Projects
Ongoing Research Projects
Belief propagation (BP) is a classical algorithm that approximates the marginal distribution associated with a factor graph by passing messages between adjacent nodes.
In 2016, Renes developed belief propagation with quantum messages (BPQM) and described how it could be used to decode classical codes defined by tree factor graphs that are sent over the classical-quantum pure-state channel.
In this research, we extend the classical belief propagation algorithm to a method called Paired Measurement Belief Propagation with Quantum Messages (PM-BPQM) for binary symmetric classical-quantum (BSCQ) channels. A tree factor graph based classical code can be analyzed using two channel combining operations- check-node and bit-node combining. We obtained sufficient statistics based on classical parameters for channel combining operations (check-node and bit-node combining) for quantum states from CQ channel outputs via PM-BPQM. Using these classical parameters and monte carlo based density evolution, we characterized the asymptotic performance (e.g. finding noise thresholds) of tree based codes (regular low-denisty parity-check (LDPC), polar codes) over BSCQ channels.
We deveoped PM-BPQM based polar decoder over BSCQ channels and provided its performance.
Here are the list of papers which gives more insight on this topic
- Belief propagation with quantum messages for symmetric classical-quantum channels, ITW 2022 (arxiv version)
- Belief-propagation with quantum messages for polar codes on classical-quantum channels, ISIT 2023
- Polar Codes for CQ Channels: Decoding via Belief-Propagation with Quantum Messages (arxiv preprint) .
Here are the relevant repositories
- Finding thresholds for regular LDPC codes over BSCQ channels - PMBPQM_BSCQ
- Simulating Polar Decoder over BSCQ channels - CQ-Polar-BPQM .
Reed-Muller (RM) codes has gained considerable amount interest in theoretical computer science and coding theory community since its discovery in 1954.
In 2016, Kudekar et al. showed that RM codes achieve capacity on binary erausure channels (BEC). Later, this result was extended by Reeves and Pfister in 2021, where they showed RM codes achieve vanishing bit error rate for binary memoryless symmetric (BMS) channels for all rates below capacity. This was further extened in 2023 by Abbe and Sandon who showed block error probability also vanishes for BMS channels.
In this work, we consider RM codes on binary-input symmetric classical-quantum (BSCQ) channels. We develop the notion of mean squared error (MSE) in the context of quantum binary hypothesis testing. By choosing MSE minimizing quantum observables, we define the minimum mean-squared error (MMSE). Using the transitive symmetry we obtain correlation inequality lemma between observables. Using this we establish a recursive relation of MMSEs between longer and shorter RM codes via nesting structure and double transitivity. Our results show that any set of any subpolynomial (but super-polylogarithmic) number of bits can be decoded with high probability when the code rate is less than the Holevo capacity.

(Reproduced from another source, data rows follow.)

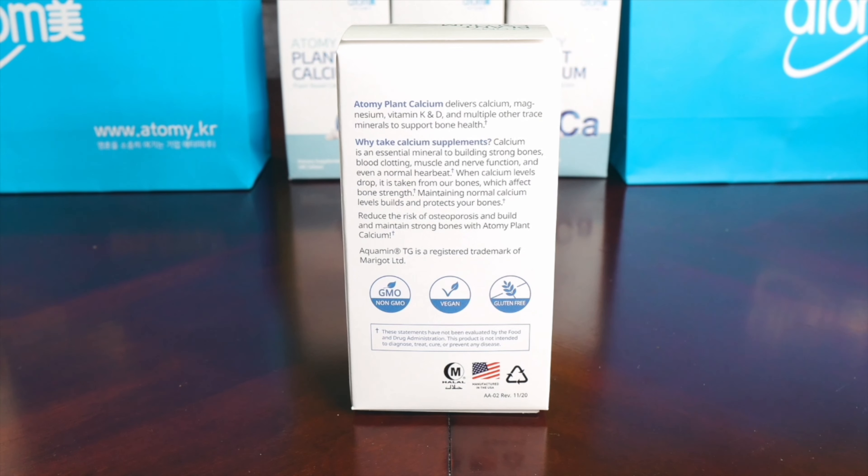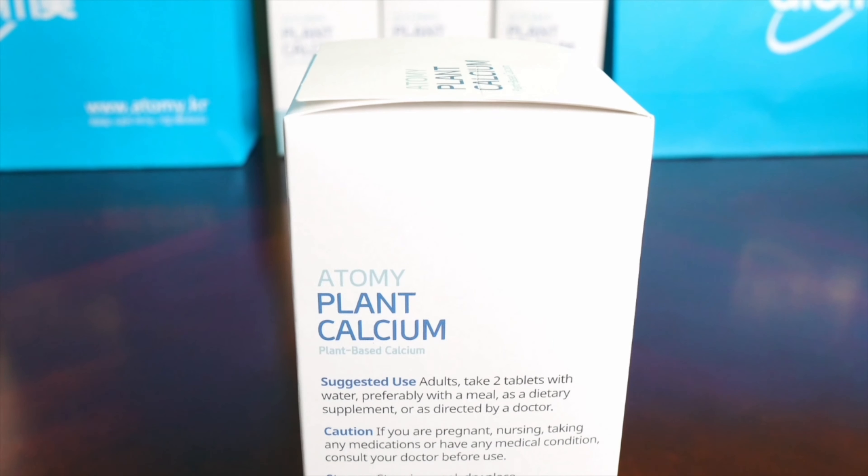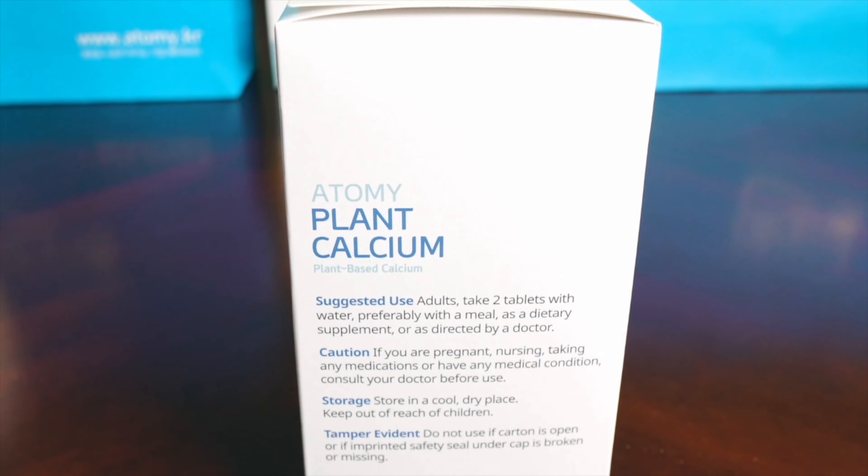The Atomy calcium is gluten-free, is also vegan, and has no GMOs added. Adults can take two tablets with water, preferably during a meal.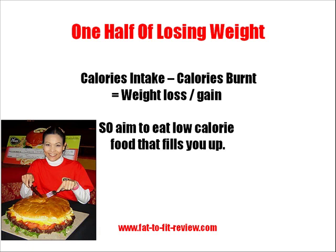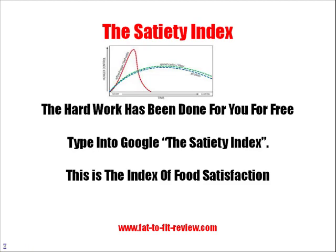What you should be aiming to do is eat low-calorie food that fills you up — not the burgers you can see in that picture there, which is quite impressive. But that's the secret in terms of losing weight: you want to eat low-calorie food.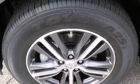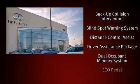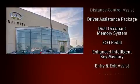Enjoy your favorite music via the stereo system, which includes a CD player with MP3 capability, steering wheel mounted audio controls, and 13 speakers, ensuring optimum sound no matter where you're seated.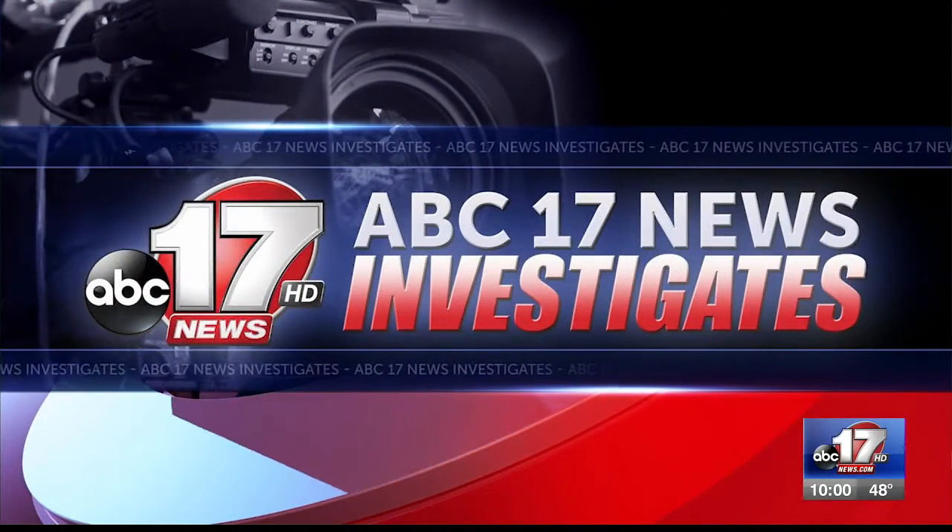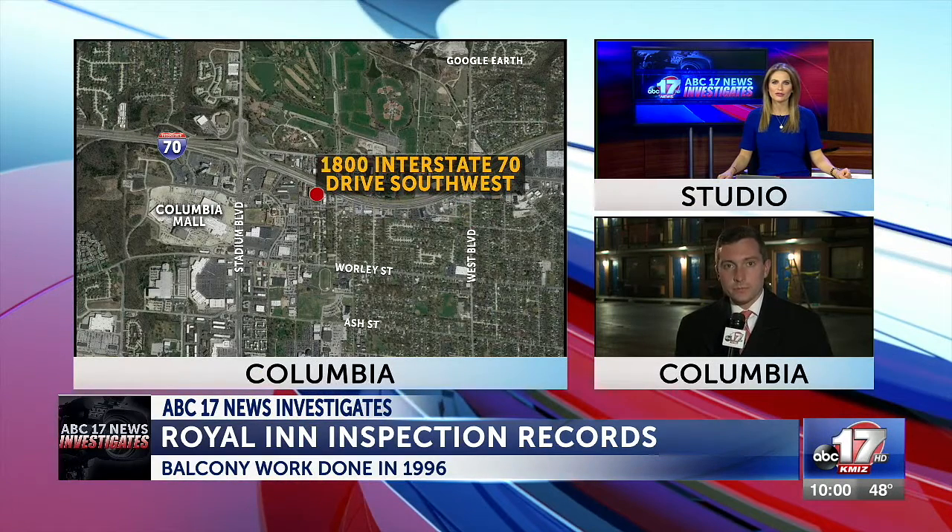The balcony at the now-closed Columbia Motel was last repaired more than 20 years ago. Thanks for joining us, I'm Ashley Strohmeyer. Joey has the night off. ABC 17 News investigates the inspection history at the Royal Inn, a day after its walkway partially collapsed. ABC 17's Lucas Geisler is live at the motel now. Lucas, you got a hold of a year's worth of inspection records.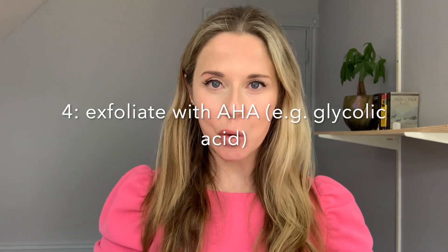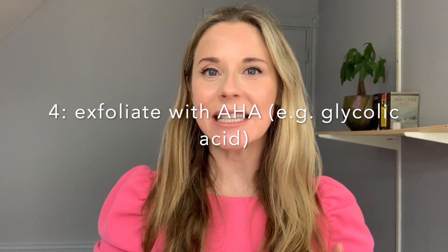The fourth tip is to use an alpha hydroxy acid, like glycolic acid, to exfoliate every three to seven days. After exfoliating, you're really going to see that glowing new skin underneath. You will notice a little bit of flaking — that's what you're looking for. You want the old skin off and the new skin in. However, if you're sloughing a lot of skin, or if you're really red and irritated, you're probably overdoing it and should back off on the frequency.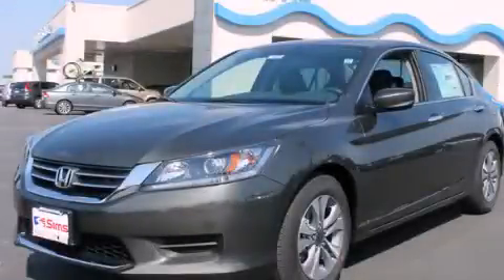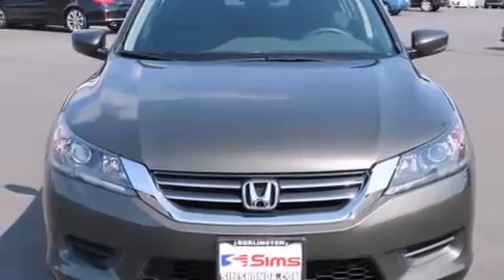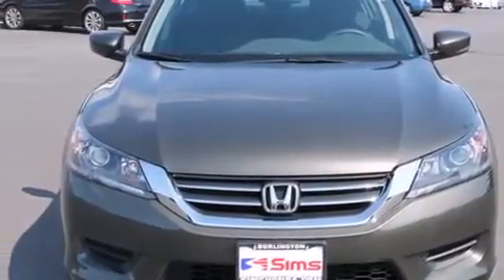This is a brand new 2014 Honda Accord. It features a 2.4 liter 4-cylinder engine and an automatic transmission.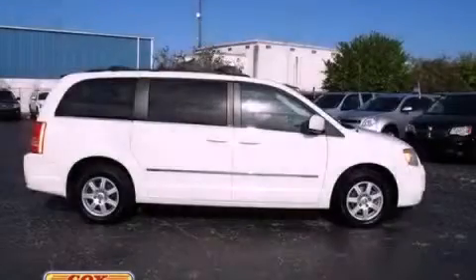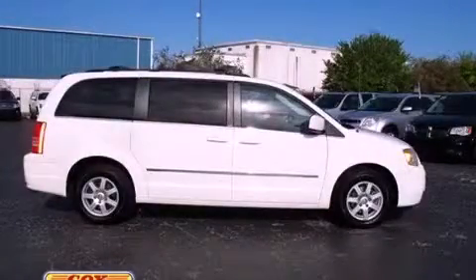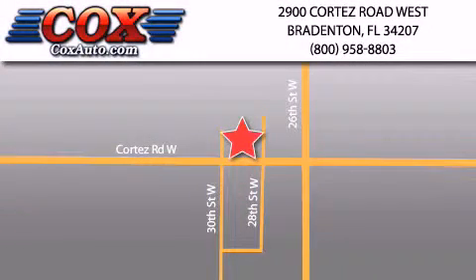Contact us today and schedule your opportunity to see this vehicle in person. Be sure to take advantage of our first-year complimentary basic maintenance on every pre-owned vehicle purchased from Cox Automotive.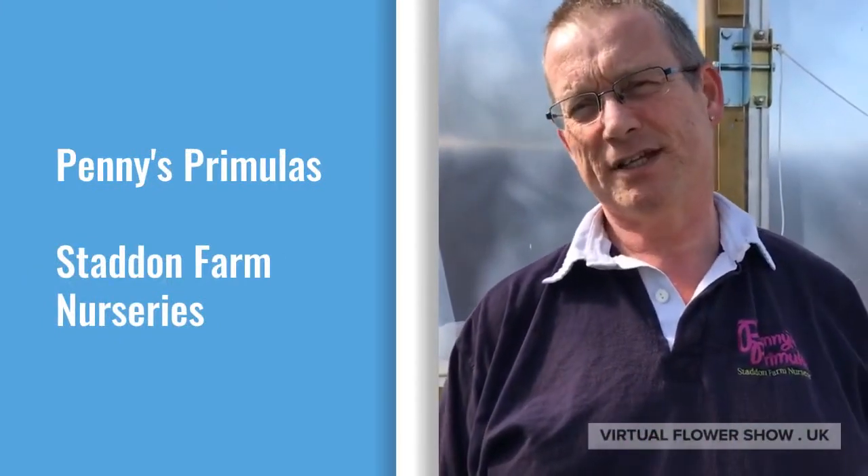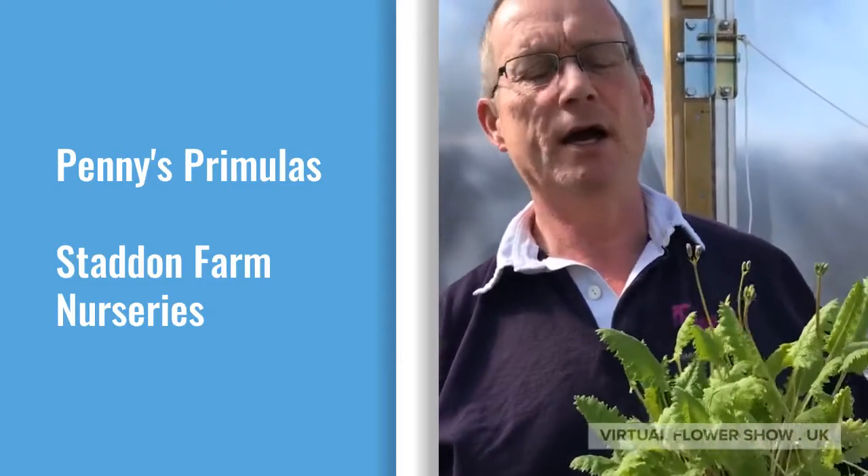Our favourite plant is the Japanese Primula, Primula Sieboldii. If I was to choose the real favourite, I would say it would be Primula Sieboldii Kashima. Year after year, it's the first to flower.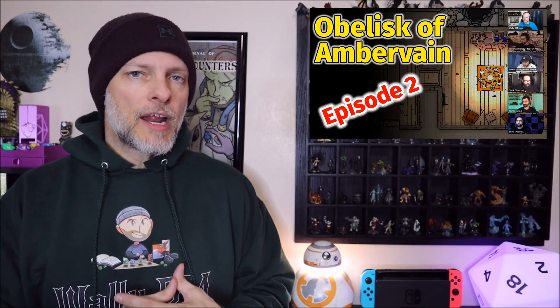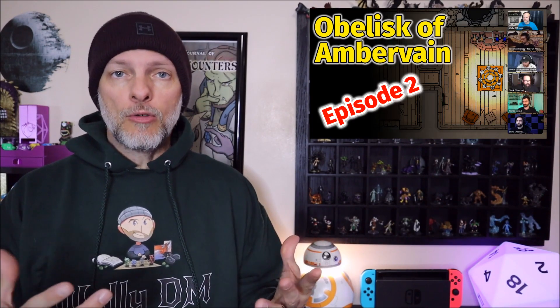If you'd like to see me run this puzzle, I've got a five-part mini-series called The Obelisk of Ambervane — a one-shot adventure I ran for a few of my YouTube friends — and this was one of the four puzzles involved in that one-shot. You can find that in the link in the description below. So that's all I have for you today. What did you think of the puzzle? Is this something you could use in your game, and if so, what would you do differently? Are you going to use Mr. and Mrs. Claus, or do you have someone else in mind for these statues? I'm looking forward to the comments — let's get a great discussion going. Thank you very much for watching, and on to the next.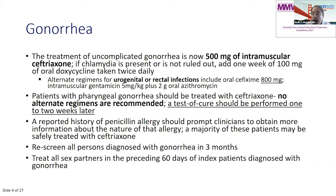A reported history of penicillin allergy should prompt you to obtain more information. The vast majority — over 90% — of people who tell you they have a penicillin allergy can be safely treated with ceftriaxone. Also remember to bring everybody with gonorrhea, chlamydia, syphilis, trichomoniasis, or mycoplasma back in three months after treatment to rescreen them, because reinfection rates are so high. Treat all sex partners from the preceding 60 days.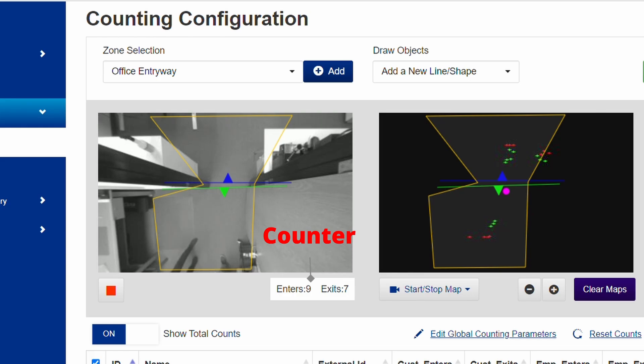As people enter and exit, the occupancy board keeps updates in real time. The dashboard supports extensive customizations and features multilingual displays. Everything runs in the camera — no cloud needed.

The published version of this work can be found here- Reed–Muller Codes on CQ Channels via a New Correlation Bound for Quantum Observables ISIT 2025 (arxiv version).
In Quantum State Compression poblem, Alice wants to transmit her quantum states to Bob using the least number of qubits possible.
In 1995, Schumacher proposed the first method for rate-optimal lossless quantum state compression and it can be seen as a generalization of Shannon’s original protocol for rate-optimal lossless classical compression. However, direct implementation on a quantum computer is quite complex.
The idea of syndrome source coding was first introduced in 1976 by Ancheta which provides an approach to use linear codes for classical compression problems.The complexity of syndrome source coding can be reduced if linear codes used for the compression have low encoding and decoding complexity. Polar codes are also known to be rate-optimal for lossless compression problems.
In this work, we develop a belief propagation (BP) based low complexity quantum state compressor and decompressor using polar codes. For quantum state decompressor, we treat frozen bits of polar codes as syndrome qubits and information bits are kept as ancilla. Using BP we construct conditional unitary which determines the state of information qubits coherently. Thus we get coherent version of polar source coding protocol based on BP. The quantum state compressor follows the same principle as the decompressor.
The published version of this work can be found here- Quantum State Compression with Polar Codes ISIT 2024 .
The code repository can be found here - QSCPolar.